Appropriate trust is trust that’s matched to understanding. The pilots of the Lion Air and Ethiopian Airlines flights had complete trust in the 737 MAX—because they thought they understood it. They didn’t. Their trust was misplaced not because they lacked skill but because Boeing had deliberately hidden from them the information necessary to make informed trust judgments.
The Design Assumption That Wasn’t Tested
Boeing’s fundamental assumption was: pilots will understand how MCAS works and will know how to disable it if something goes wrong. This assumption was never tested with pilots who didn’t know about MCAS. Boeing’s test pilots knew the system existed. Line pilots flying the aircraft didn’t. When MCAS malfunctioned, the gap between Boeing’s assumption and reality became lethal.
The NTSB investigation of the Ethiopian Airlines crash revealed that the flight deck resource management was undermined by incomplete information. The pilots had no procedures for MCAS failure because Boeing hadn’t disclosed the system’s existence. They had no training on MCAS because they didn’t know it was there. When the system malfunctioned, they were like surgeons operating with a missing piece of anatomy they didn’t know the body possessed.
What Happens When Automation Lies About Itself
The 737 MAX crashes represent a category of failure distinct from previous engineering disasters: failures caused not by visible flaws but by hidden systems. The Titanic’s watertight compartments were visible. The Challenger’s O-rings had been discussed in engineering meetings. The Tacoma Narrows’ oscillations were obvious.

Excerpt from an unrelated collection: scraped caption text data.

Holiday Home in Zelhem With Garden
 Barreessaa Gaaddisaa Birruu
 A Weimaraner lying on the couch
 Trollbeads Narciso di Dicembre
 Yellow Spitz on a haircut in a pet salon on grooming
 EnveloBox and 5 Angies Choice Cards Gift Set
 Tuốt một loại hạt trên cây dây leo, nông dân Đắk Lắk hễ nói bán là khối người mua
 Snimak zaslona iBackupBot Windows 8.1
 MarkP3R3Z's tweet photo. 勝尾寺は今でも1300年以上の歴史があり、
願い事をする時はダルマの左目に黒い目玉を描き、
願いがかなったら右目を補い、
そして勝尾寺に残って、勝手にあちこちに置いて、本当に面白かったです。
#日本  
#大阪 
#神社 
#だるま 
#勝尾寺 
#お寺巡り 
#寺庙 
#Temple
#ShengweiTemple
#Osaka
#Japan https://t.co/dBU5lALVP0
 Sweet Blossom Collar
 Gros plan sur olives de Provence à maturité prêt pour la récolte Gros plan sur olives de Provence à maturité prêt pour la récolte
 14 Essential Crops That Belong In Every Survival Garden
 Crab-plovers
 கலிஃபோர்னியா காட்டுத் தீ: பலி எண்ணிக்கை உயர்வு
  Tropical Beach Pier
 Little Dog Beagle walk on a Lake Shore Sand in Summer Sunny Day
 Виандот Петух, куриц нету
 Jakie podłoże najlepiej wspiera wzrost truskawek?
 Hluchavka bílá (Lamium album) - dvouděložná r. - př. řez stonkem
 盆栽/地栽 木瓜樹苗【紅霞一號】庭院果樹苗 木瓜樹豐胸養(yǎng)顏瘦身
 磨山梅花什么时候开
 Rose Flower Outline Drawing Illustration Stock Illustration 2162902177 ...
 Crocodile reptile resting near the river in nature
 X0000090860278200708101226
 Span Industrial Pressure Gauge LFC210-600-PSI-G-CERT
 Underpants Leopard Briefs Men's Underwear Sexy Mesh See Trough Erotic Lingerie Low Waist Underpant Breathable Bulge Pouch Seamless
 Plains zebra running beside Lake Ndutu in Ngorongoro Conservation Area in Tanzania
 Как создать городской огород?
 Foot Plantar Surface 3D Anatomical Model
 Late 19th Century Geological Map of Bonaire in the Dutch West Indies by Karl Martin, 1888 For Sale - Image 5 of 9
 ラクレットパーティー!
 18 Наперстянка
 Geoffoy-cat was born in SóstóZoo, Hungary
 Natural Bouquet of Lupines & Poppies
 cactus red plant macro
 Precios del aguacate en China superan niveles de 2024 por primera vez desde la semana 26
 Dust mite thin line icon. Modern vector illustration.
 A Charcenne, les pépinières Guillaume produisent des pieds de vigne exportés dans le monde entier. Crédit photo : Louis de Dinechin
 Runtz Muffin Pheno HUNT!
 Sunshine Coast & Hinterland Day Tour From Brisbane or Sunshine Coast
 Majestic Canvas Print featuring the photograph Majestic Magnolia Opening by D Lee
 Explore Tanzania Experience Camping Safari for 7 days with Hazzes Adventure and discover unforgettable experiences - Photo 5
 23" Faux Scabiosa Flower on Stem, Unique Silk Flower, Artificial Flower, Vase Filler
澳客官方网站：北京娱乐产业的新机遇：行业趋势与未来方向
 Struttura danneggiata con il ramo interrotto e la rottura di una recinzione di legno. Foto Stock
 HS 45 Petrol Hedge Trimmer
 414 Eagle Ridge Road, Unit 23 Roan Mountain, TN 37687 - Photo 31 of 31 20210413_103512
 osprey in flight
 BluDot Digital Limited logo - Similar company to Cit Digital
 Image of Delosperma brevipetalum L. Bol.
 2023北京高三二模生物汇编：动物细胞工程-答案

But MCAS operated in the shadows, invisible to the people whose lives depended on understanding it.
This represents a new phase of engineering risk. As systems become more automated, more invisible, and more complex, the gap between what pilots/operators understand and what the system is actually doing widens. That gap is where failures live.
Combined deaths from MCAS crashes
346 people died in aircraft where a safety system operated perfectly, killing because pilots couldn’t understand what was happening to their aircraft.
The solution isn’t to abandon automation. Modern aircraft are safer precisely because of sophisticated automated systems. The solution is to ensure that pilots understand the systems they’re relying on, that automation is transparent rather than hidden, and that people have meaningful ways to override systems when something doesn’t feel right.
The MCAS crashes killed people not because pilots made bad decisions, but because Boeing had structured the human-automation relationship in a way that made good decisions impossible. They hid the system. They eliminated training. They created an aircraft that demanded trust in something pilots couldn’t see.
The first rule of automation, Atul Gawande might say, is that it’s only safe if humans remain in control of their own understanding. Boeing violated that rule. And 346 people paid the price.